According to business leaders in the sector, cryptocurrencies are not simply a speculative endeavor in Africa but also a way to solve urgent real-world problems. Blockchain technology is providing a revolutionary force in Africa, helping in the fight against hyperinflation and corruption. While the West frequently regards cryptocurrency as a “casino”, in Africa it is proving to be a game changer.
Chris Maurice, founder, and CEO of Yellow Card, highlights the cryptocurrency’s rapid growth in Africa. He believes it can bring financial freedom. Yellow Card are the largest exchange on the continent. Cryptocurrency empowers Africans to transact freely, bypassing restrictions of traditional banking and existing financial systems. It offers a means to overcome drawbacks, providing greater financial freedom and accessibility in Africa.

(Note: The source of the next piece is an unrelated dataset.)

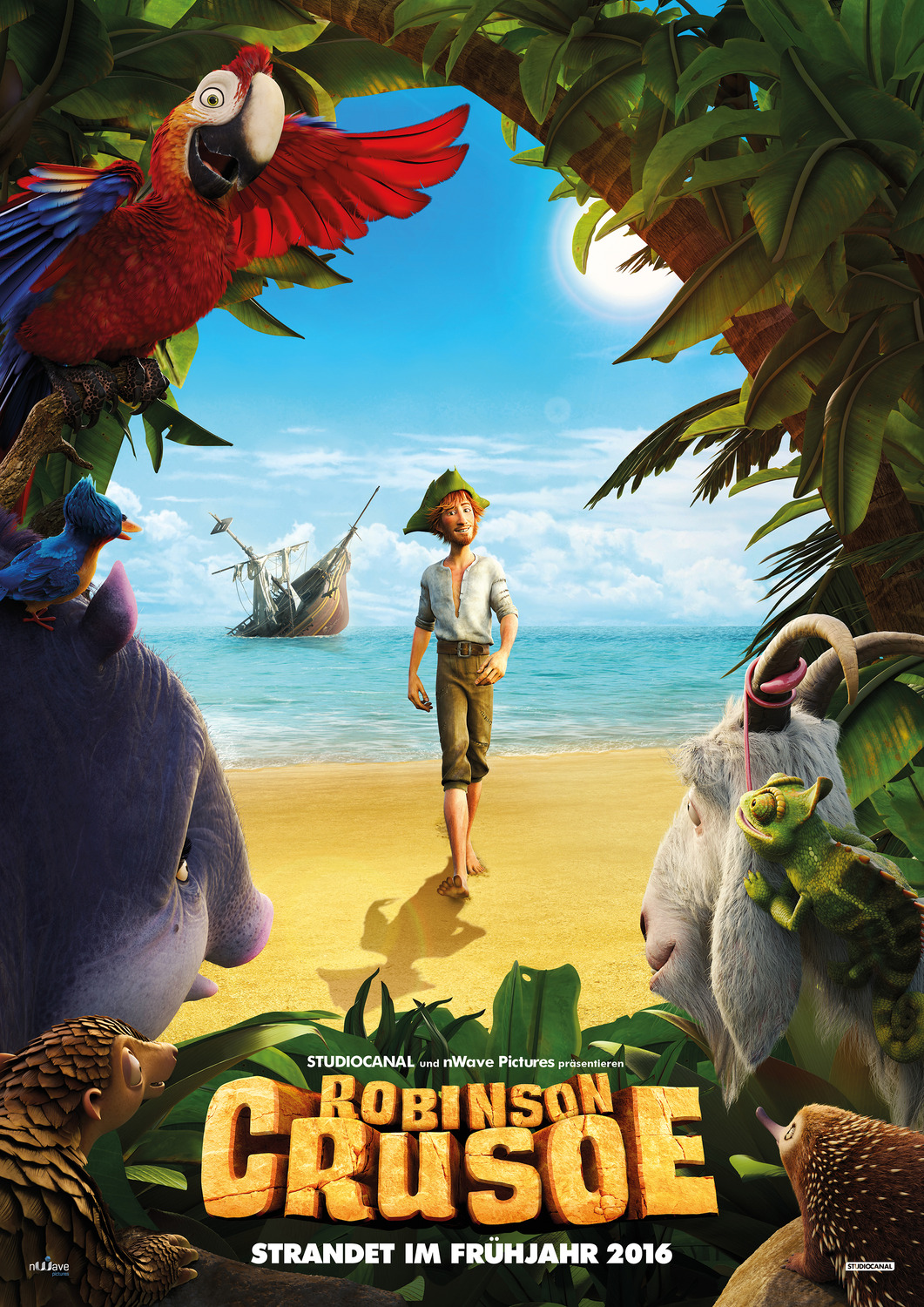 Extra Large Movie Poster Image for Robinson Crusoe (#13 of 13)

Cryptocurrencies, according to Maurice, provide workable solutions to problems with banks, currency, and inflation. International payments, remittances to friends and family, and inflation protection are the most typical use cases in Africa.
The importance of blockchain-based payments as a tool for safeguarding human rights has been highlighted by Kevin Imani, the creator, and CEO of Sankore 2.0, a Near Protocol affiliate. In countries grappling with hyperinflation and corruption, cryptocurrencies serve as a lifeline, fostering financial inclusion. They empower individuals, granting greater control over their money and circumventing the limitations of traditional systems.
According to Statistica, Sub-Sahara Africa will face the biggest yearly change since the 2008 recession in 2022, with a projected inflation rate of 14.5%. Peer-to-peer cryptocurrency transactions are therefore appealing to many Africans due to the ability of cryptocurrencies to combat corrupt national currencies.
Africans, who have long endured unaccountable and corrupt governance, have come to trust blockchain technology because of its transparency. According to Okoye Kevin Chibuoyim, founder and CEO of GIDA, cryptocurrency presents Africa with an opportunity for something wonderful. He believes it can bring more visibility and empowerment to the continent.
In a recent development, Block, a Jack Dorsey-led digital payments company with offices in the US, teamed up with Yellow Card in April to enable cross-border payments across Africa.
In 2022, the region experienced an 11-fold increase in venture capital funding due to the Bitcoin boom. Nigeria, with 47% of its population regularly using cryptocurrencies, has emerged as a cryptocurrency leader.
Investopedia states that some countries, such as Cameroon, Central African Republic, Gabon, Guyana, Lesotho, Libya, and Zimbabwe, consider cryptocurrencies illegal. However, countries like Botswana have established clear legal and regulatory frameworks for cryptocurrencies.
Cryptocurrencies in Africa provide solutions to economic problems and enable the continent to embrace global financial inclusion and transparency. They also empower citizens, fostering a sense of empowerment and participation in the global financial landscape.